In honour of International Women’s Day, we spoke with Marianne Meed Ward, Burlington Mayor and The Directors College alumna about being a woman in a prominent leadership role. She shares her personal stories of barriers faced as a woman politician, tells us about women who inspire her, and shares her advice for the next generation of women leaders.
Meed Ward is the second woman mayor in Burlington’s history. She explains there are a number of ways being a woman has impacted her priorities and initiatives in the city.
“When I became the mayor that was probably the biggest title I’ve ever had in my life, but I didn’t become a leader the day I got the title. Some people go into politics just to be somebody, to have the title. I can tell you it’s never been about the title for me, it’s always been about how can this position be used to better our community,” says Meed Ward.
When people first think of politics, you may think of arguments, differences, and battles between opposing members.
“I believe politics should be about getting good things done for our community, and that means instead of operating in a combative, competitive environment, really trying to foster a collaborative one,” she adds.
The mayor is entering the fourth and final year of her first term. As a woman working in a traditionally male-dominated industry, she has faced many tough challenges.
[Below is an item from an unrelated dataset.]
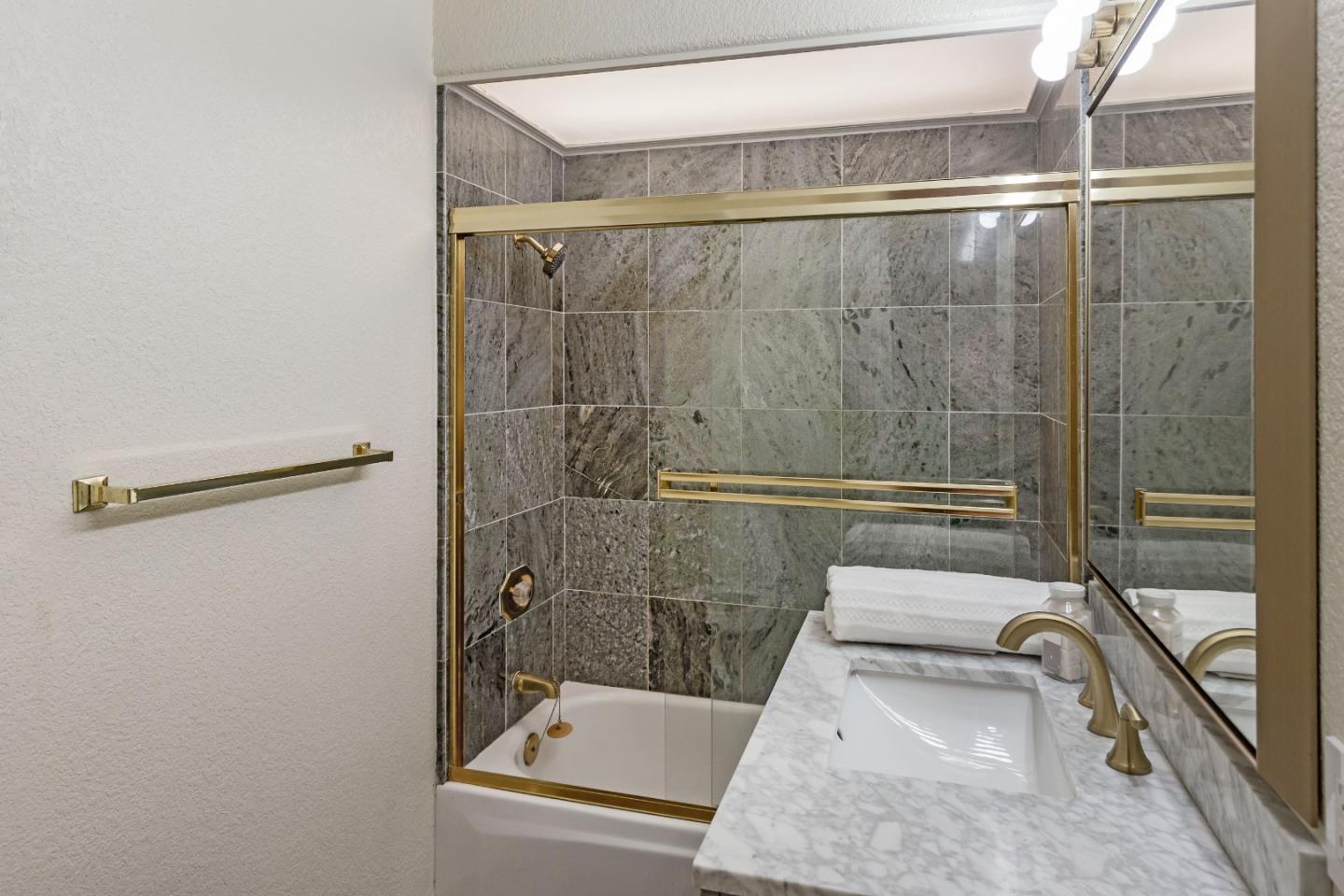 Detail Gallery Image 24 of 35 For 478 W Sunnyoaks Ave, Campbell,  CA 95008 - 3 Beds | 2/1 Baths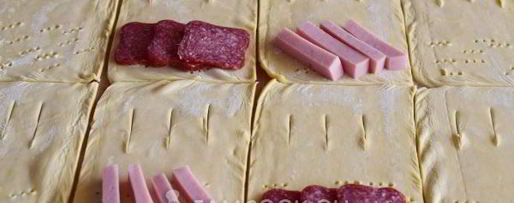 Шаг 6: слоек с колбасой и сыром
When Meed Ward first ran in 2006 for municipal council, people asked her if she was even old enough to run. Being in her 40s at the time, she thought perhaps it could be taken as a compliment, but saw that her male counterparts were not asked if they were old enough to do the job. “Women in politics, like other fields, often get held to a different standard than men. We think there’s equality and there’s still these attitudes that persist,” she says.
This double standard surfaced again when she ran for Ward 2 Councillor in Burlington in 2010. Being a mother with young children in public school became a red flag on the campaign trail and a concern about whether she could do the job. Her competitors were two men with grandchildren and one woman with no children.
During a debate, each candidate was asked if they could devote the time necessary to this job. She admits it’s reasonable to ensure candidates understand this is a full-time position, but the innuendo around that particular question stung Meed Ward as her competitors implied that women with young children should not be in elected office.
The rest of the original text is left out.